By Nick Sambides Jr., BDN Staff
Bangor Daily News news story
EAST MILLINOCKET, Maine — Gov. Paul LePage will be the first witness at a field hearing of the U.S. House Committee on Natural Resources next week in which only opponents of a proposed North Woods national monument are scheduled to speak, officials said Thursday.
The Republican governor will join Bob Meyers, executive director of the Maine Snowmobile Association, Millinocket Town Councilor Paul Sannicandro, state Rep. Steve Stanley, D-Medway, and David Trahan, executive director of the Sportsman’s Alliance of Maine, as speakers whom committee members invited to the hearing at the town office at 2 p.m. Wednesday, June 1, committee spokeswoman Elise Daniel said.

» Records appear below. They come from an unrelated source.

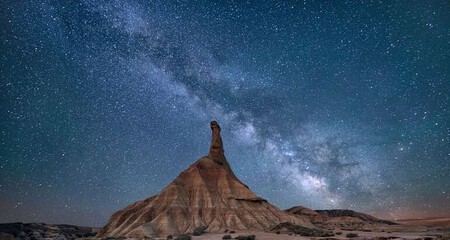Viajes Eclipse Solar Pueblos Espana Navarra Bardenas Reales Escapadas Verano Fresco Rural Fotografia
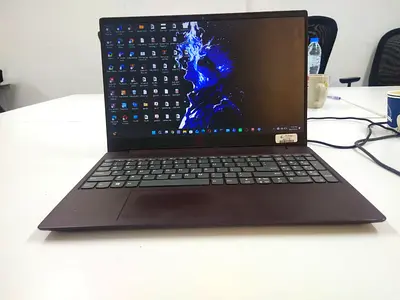 laptop Lenovo 8gn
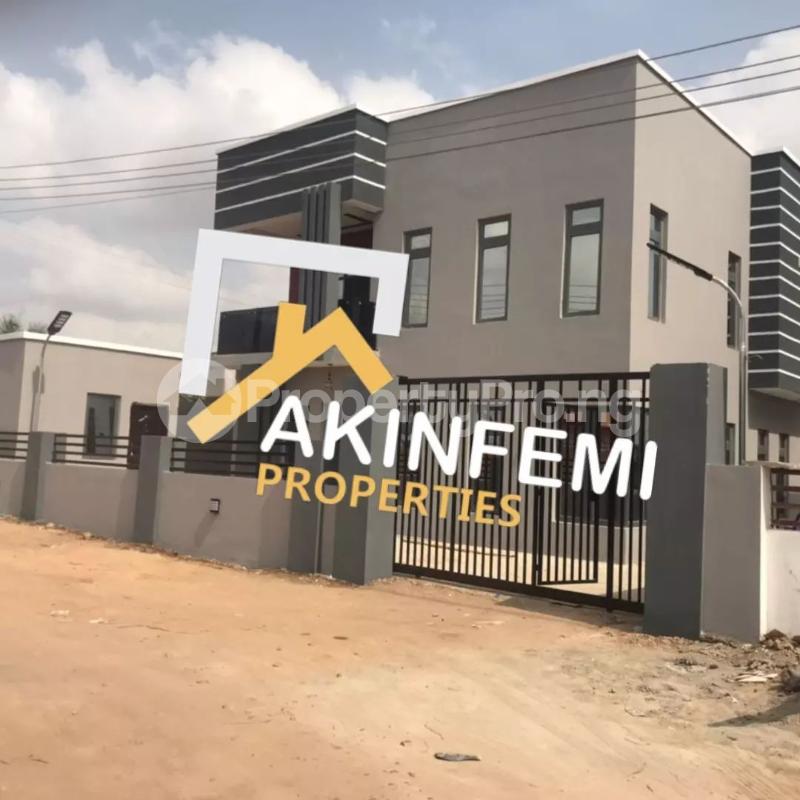 4 Bedroom House in Bodija Ibadan Oyo House for sale in ibadan House
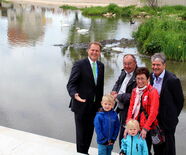 Oberbürgermeister Richard Arnold, Georg und Helga Eichele mit den Enkeln Hannes und Leni, Karl-Eugen Ebertshäuser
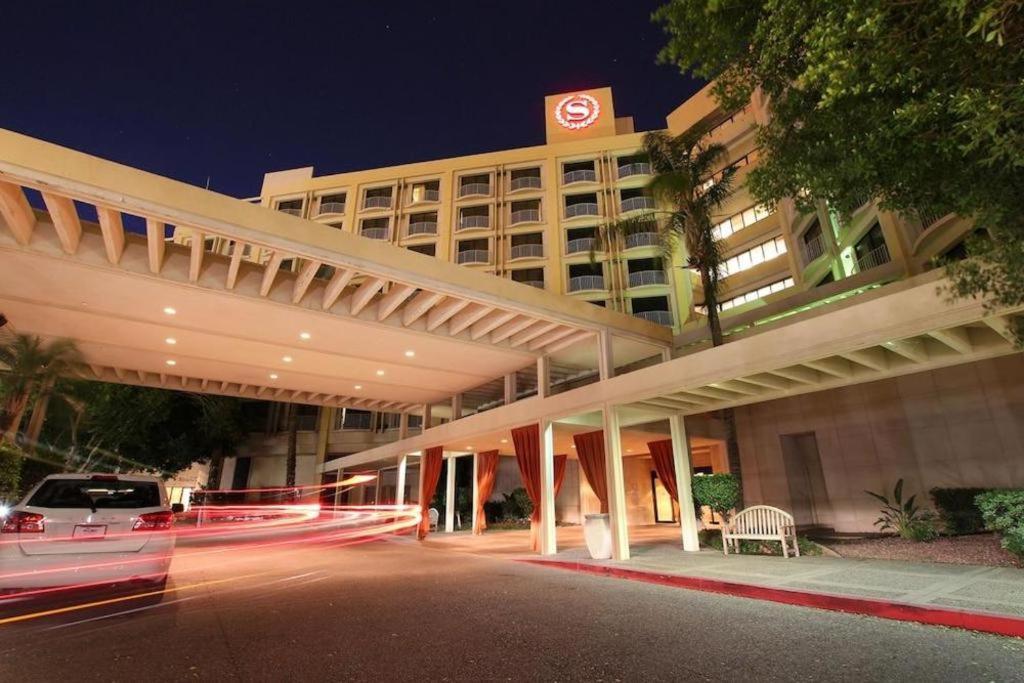 Sheraton Crescent Hotel Phoenix Exteriér fotografie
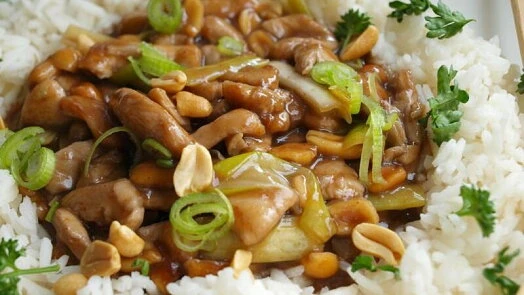 Kung pao vepřové s rýží, arašidy a cibulkou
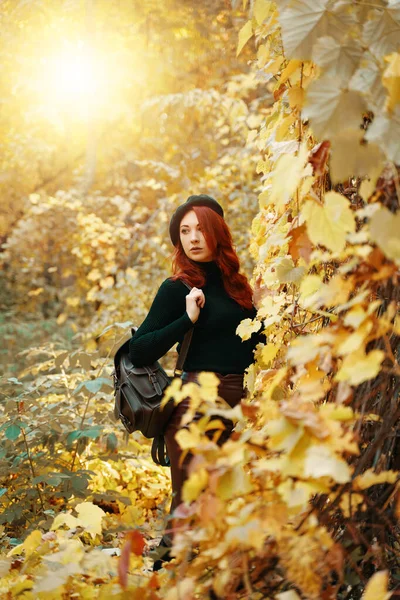 Femme aux cheveux roux élégant dans le parc d'automne. — Photo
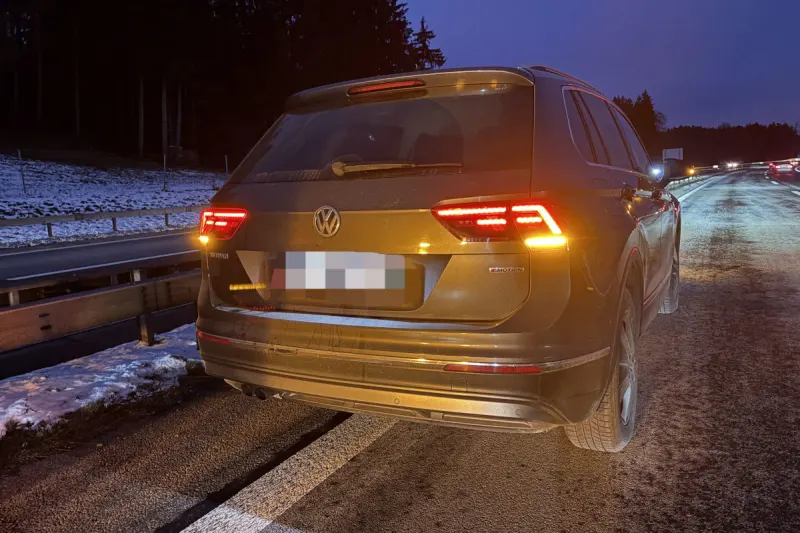 A1 Gossau SG – Unfall mit drei Autos auf Überholspur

All have opposed and represent organizations opposing President Barack Obama’s issuing an executive order that would create a monument out of about 87,500 acres east of Baxter State Park owned by the family of entrepreneur Roxanne Quimby. Family members and a paid lobbyist have been in talks with the White House regarding the proposal since at least November.
Daniel said minority Democrat committee members contributed vastly to the apparent lack of balancing viewpoints. They have declined to invite pro-monument witnesses and have themselves refused to attend the hearing, she said. A minority spokesman said the hearing is imbalanced because the majority members declined to name pro-monument witnesses.
Still, committee Chairman U.S. Rep. Rob Bishop, R-Utah, said that the committee hopes to “have a wide variety of witnesses that we have collected to give a wide variety of views.”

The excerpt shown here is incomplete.